An exact transcription of the lines from the one holding "Aston Martin V12" to the end of the entries below, and nothing more, is the required answer. Please omit the pictures.

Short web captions
- Opening Delimiter -
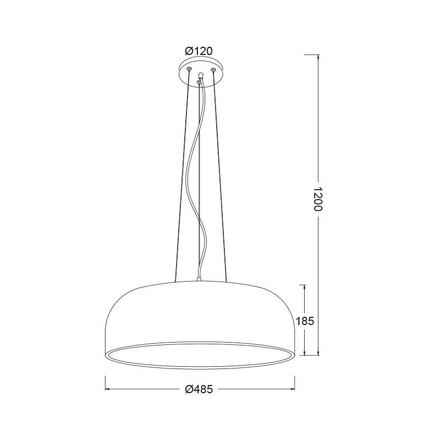ACA Lighting Avantgarde závěsné svítidlo OD5390MB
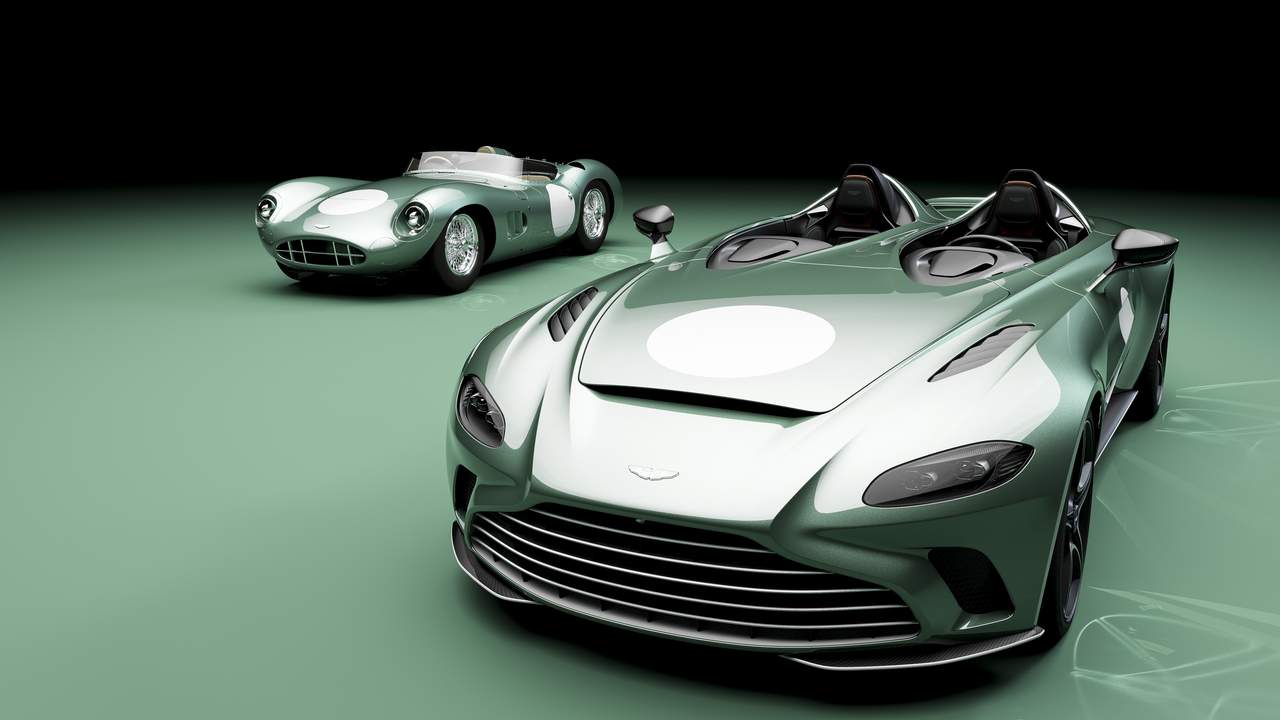 Aston Martin V12 Speedster with bespoke DBR1 livery is oozing with vintage appeal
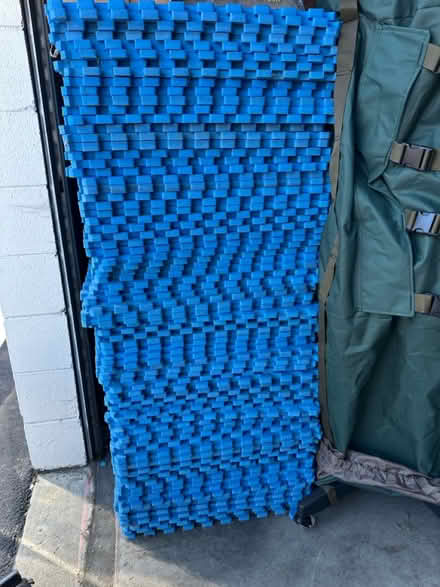 Photo of free Stack of Used 18” x 18” Foam Tiles (Campbell Storage) #1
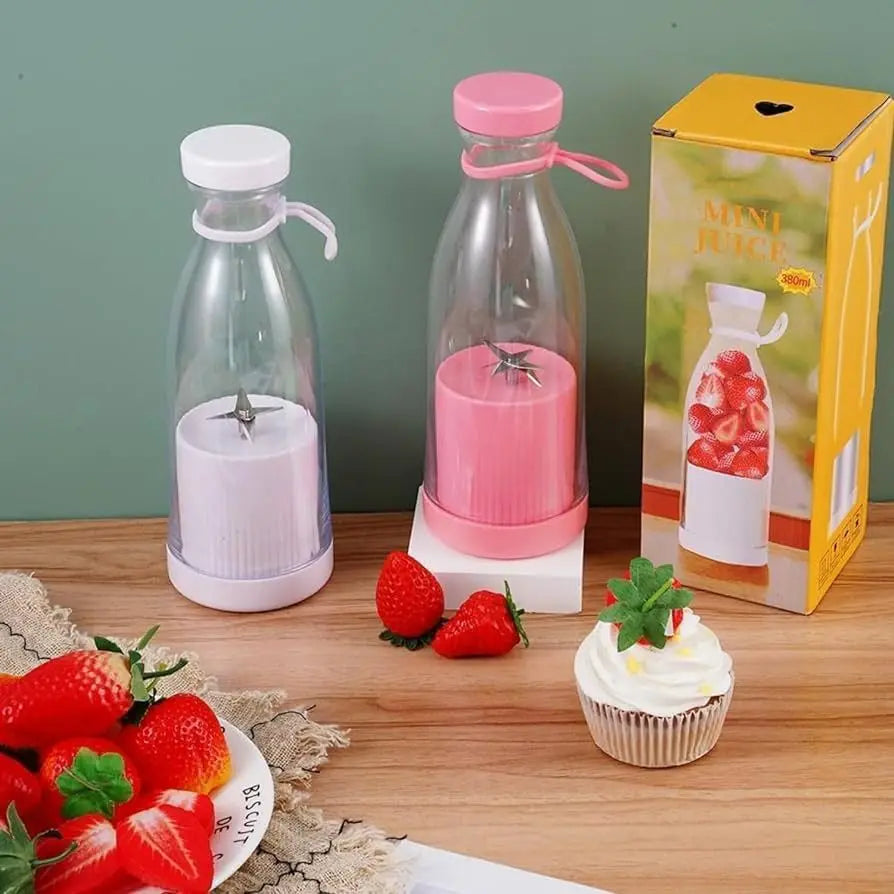 Juicer Machine Mini || Multicolor USB Portable Rechargeable Juicer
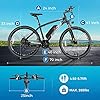 ANCHEER 27.5'' Electric Bike 500W(Peak 750W) Electric Mountain Bike, 55 Miles Range & 22 MPH, 3H Fast Charge, 48V/10.4Ah Removable Battery, Electric Bike for Adult 21 Speed Incl. Free Bike Lock #3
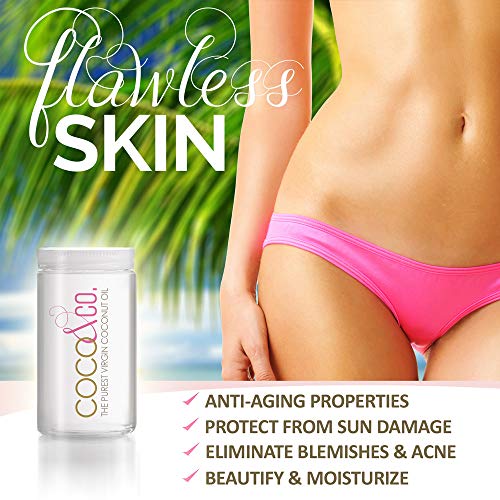 COCO & CO. Organic Pure Extra Virgin Coconut Oil for Hair & Skin, Beauty Grad...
- Closing Delimiter -
- [Problem solution]
 Aston Martin V12 Speedster with bespoke DBR1 livery is oozing with vintage appeal
 Photo of free Stack of Used 18” x 18” Foam Tiles (Campbell Storage) #1
 Juicer Machine Mini || Multicolor USB Portable Rechargeable Juicer
 ANCHEER 27.5'' Electric Bike 500W(Peak 750W) Electric Mountain Bike, 55 Miles Range & 22 MPH, 3H Fast Charge, 48V/10.4Ah Removable Battery, Electric Bike for Adult 21 Speed Incl. Free Bike Lock #3
 COCO & CO. Organic Pure Extra Virgin Coconut Oil for Hair & Skin, Beauty Grad...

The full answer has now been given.